101 minutes | MPAA rating: PG-13

“Still Alice” deals with such a disturbing topic — early-onset Alzheimer’s — that most of us will decline to watch it, and those who do will take their seats with the butterflies of trepidation in full flight.

It is well, then, that a big reward awaits those who take the plunge.

Julianne Moore has won the best actress Oscar for her performance in Richard Glatzer and Wash Westmoreland’s drama, and it takes only about 10 minutes to see why. She delivers a brilliant turn that buoys “Still Alice” just when it seems too much to bear.

Moore plays Alice, who at age 50 seems to have it all.
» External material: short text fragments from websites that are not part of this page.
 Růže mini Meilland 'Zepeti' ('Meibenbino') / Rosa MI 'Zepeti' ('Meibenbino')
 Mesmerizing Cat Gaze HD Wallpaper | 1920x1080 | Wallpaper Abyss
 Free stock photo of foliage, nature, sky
She’s a professor of linguistics at Columbia University and the author of a respected book. She has a husband (Alec Baldwin, doing a 180 from his frequent sleazeball portrayals) who clearly adores her.
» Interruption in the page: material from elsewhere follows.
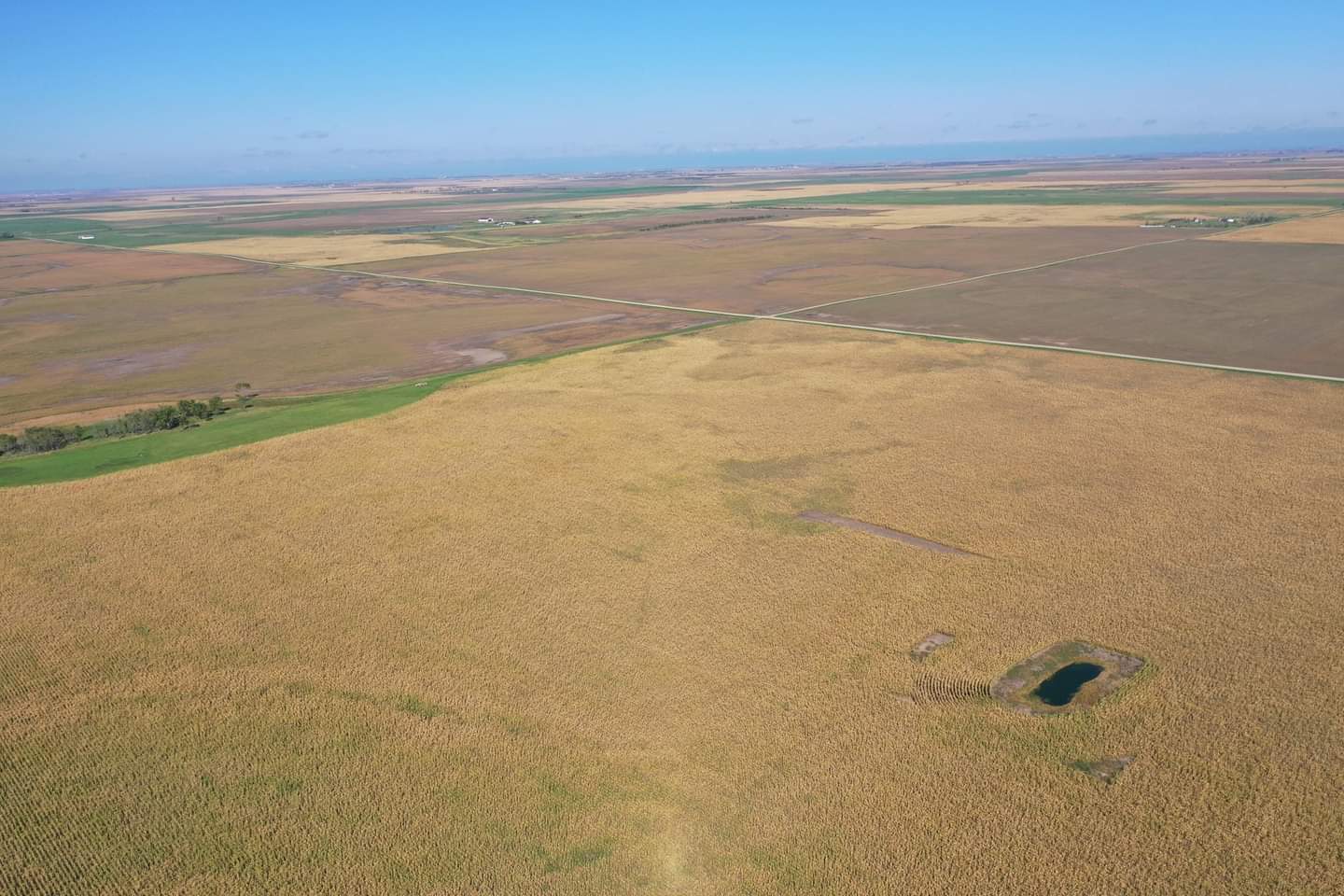 Damage to beans to the west of Warner, SD - Photo from Marc (Twitter @LanceCasual)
The couple have two overachieving offspring: a lawyer (Kate Bosworth) and a doctor (Hunter Parrish). Their third (Kristen Stewart) blew off college to become an actress — not that anyone is paying her to act.

It is while guest-lecturing at a West Coast university that Alice suddenly loses her train of thought. After a tense moment she recovers nicely (“I knew I shouldn’t have had that Champagne”) and continues.

A moment of forgetfulness, nothing more.